The version field is optional, if you enter a version field for the application, the version needs to be changed for any edits.
In the deployment you have two options for specifying the application version:
*
: which implies latest application version- reference an explicit version string.
Recommended workflows
For real operational scenarios we strongly recommend that you manage your application specifications and deployments in your code repository and let your CI/CD pipeline push these to the Control Tower. Working directly with the Control Tower UI is good when you develop/experiment/test and learn the system.
Anyhow, what are the recommended versioning principles in different phases of your project?

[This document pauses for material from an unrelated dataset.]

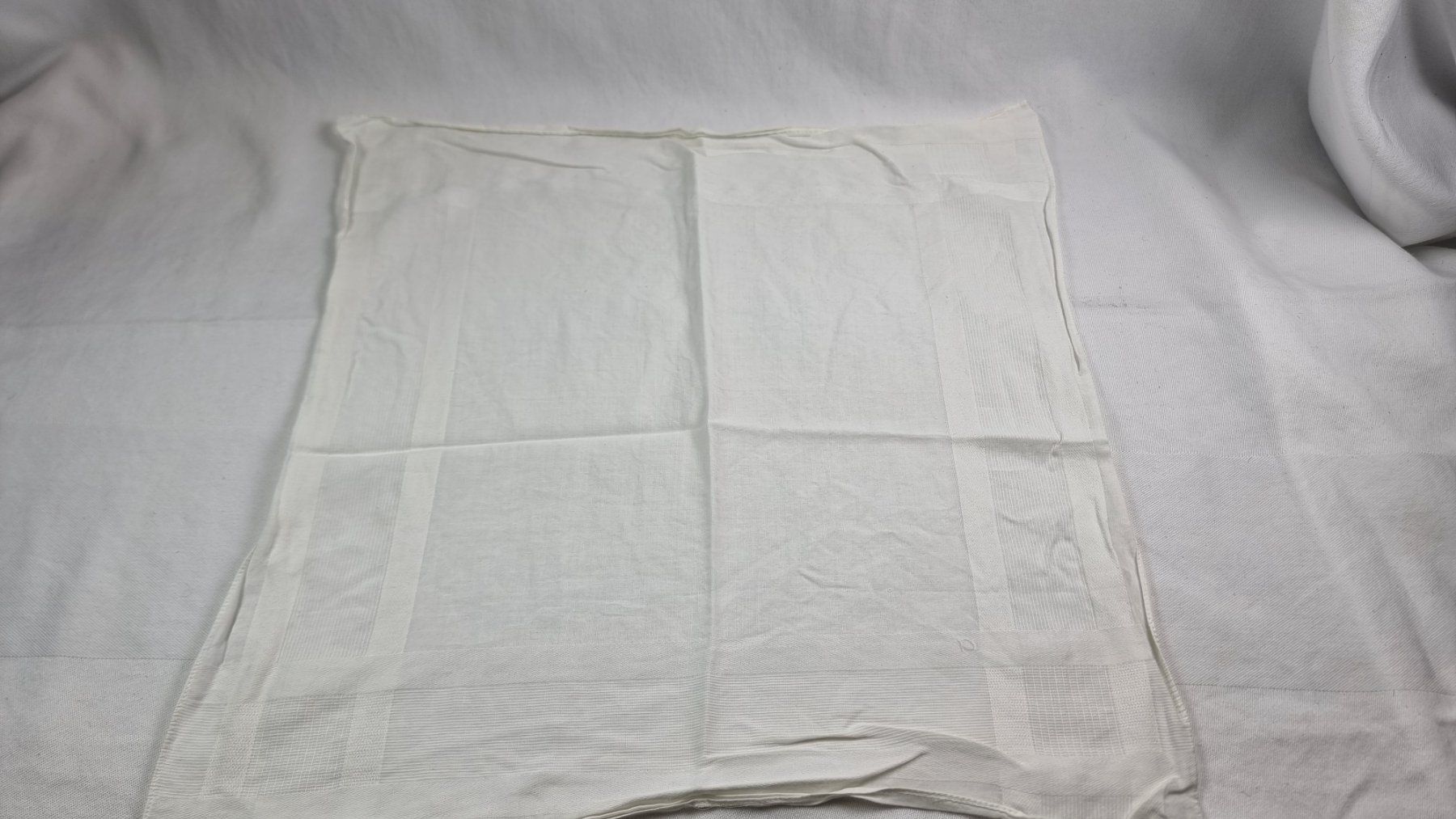Altro in  Abbigliamento & Accessori: Taschentuch- 39x39cm – Usato da Wald ZH venduto da Martin79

Early development and experimenting
You are maybe learning the system or are early in your development project and want a quick iteration cycle for your code changes. In this state an easy principle is to not have a version field on the application and use “*” as version in the deployment. In this way any modifications of the applications will take immediate effect on the matched sites.
Operations
When you move on to operational deployments you should most likely go for explicit versions in your applications and deployments. In that way you can add new application versions to the Avassa system but define a later deployment stage. It is also an option to use “*” in the deployment and explicit versions for your applications. That has then the effect that any new versions will be automatically deployed if that is the desired behavior.